▸ DATA LISTING:
|---|
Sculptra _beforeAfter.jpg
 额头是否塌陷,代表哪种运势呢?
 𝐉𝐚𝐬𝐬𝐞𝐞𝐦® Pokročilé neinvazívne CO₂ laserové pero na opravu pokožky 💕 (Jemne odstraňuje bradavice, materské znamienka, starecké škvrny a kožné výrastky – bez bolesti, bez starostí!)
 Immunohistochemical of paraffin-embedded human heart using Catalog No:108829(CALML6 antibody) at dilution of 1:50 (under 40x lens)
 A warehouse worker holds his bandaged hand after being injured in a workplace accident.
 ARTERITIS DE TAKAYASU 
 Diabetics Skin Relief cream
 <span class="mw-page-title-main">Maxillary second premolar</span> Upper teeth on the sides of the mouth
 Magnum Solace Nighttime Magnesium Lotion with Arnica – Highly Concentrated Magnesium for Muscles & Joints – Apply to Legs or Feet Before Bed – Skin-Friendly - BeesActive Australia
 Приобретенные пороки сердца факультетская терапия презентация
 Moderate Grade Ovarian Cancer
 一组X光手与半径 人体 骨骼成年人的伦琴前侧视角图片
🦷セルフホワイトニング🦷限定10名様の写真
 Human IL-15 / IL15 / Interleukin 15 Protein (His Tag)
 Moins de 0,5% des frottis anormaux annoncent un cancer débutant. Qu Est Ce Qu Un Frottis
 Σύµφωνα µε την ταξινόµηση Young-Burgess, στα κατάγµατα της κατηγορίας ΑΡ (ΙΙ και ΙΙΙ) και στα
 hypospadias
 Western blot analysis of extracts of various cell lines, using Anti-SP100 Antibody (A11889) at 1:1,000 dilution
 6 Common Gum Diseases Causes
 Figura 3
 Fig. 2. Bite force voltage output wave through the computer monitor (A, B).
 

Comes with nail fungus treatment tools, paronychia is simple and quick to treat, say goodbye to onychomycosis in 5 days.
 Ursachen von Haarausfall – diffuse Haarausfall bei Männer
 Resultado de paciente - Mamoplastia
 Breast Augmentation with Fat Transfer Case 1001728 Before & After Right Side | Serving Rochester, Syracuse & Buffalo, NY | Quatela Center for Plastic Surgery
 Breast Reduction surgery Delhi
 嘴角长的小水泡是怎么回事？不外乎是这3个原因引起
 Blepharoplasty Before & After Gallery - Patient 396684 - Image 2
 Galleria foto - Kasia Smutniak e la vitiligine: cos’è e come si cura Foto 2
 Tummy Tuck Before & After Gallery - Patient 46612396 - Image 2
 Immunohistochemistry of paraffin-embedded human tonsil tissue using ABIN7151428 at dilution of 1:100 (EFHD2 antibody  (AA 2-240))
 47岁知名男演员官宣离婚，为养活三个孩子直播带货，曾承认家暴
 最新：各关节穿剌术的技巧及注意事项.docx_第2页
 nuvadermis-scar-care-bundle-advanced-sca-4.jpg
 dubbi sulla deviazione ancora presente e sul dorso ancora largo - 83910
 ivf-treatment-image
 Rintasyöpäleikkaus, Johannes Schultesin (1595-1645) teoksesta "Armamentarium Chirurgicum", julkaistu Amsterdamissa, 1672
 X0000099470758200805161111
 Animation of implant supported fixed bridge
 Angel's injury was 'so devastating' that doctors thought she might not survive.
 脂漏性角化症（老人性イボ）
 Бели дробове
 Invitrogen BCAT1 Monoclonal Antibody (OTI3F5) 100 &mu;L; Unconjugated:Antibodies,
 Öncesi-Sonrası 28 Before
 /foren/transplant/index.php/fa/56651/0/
|---|
▸ WHAT YOU HAVE TO DO:
In the listing above, locate the line containing "47岁知名男演员官宣离婚，为养活三个孩子直播带货，曾承认家暴" and the line containing "Öncesi-Sonrası 28 Before". Extract those two lines and every line between them, exactly as written, and only those.

▸ RESPONSE BOX:
 47岁知名男演员官宣离婚，为养活三个孩子直播带货，曾承认家暴
 最新：各关节穿剌术的技巧及注意事项.docx_第2页
 nuvadermis-scar-care-bundle-advanced-sca-4.jpg
 dubbi sulla deviazione ancora presente e sul dorso ancora largo - 83910
 ivf-treatment-image
 Rintasyöpäleikkaus, Johannes Schultesin (1595-1645) teoksesta "Armamentarium Chirurgicum", julkaistu Amsterdamissa, 1672
 X0000099470758200805161111
 Animation of implant supported fixed bridge
 Angel's injury was 'so devastating' that doctors thought she might not survive.
 脂漏性角化症（老人性イボ）
 Бели дробове
 Invitrogen BCAT1 Monoclonal Antibody (OTI3F5) 100 &mu;L; Unconjugated:Antibodies,
 Öncesi-Sonrası 28 Before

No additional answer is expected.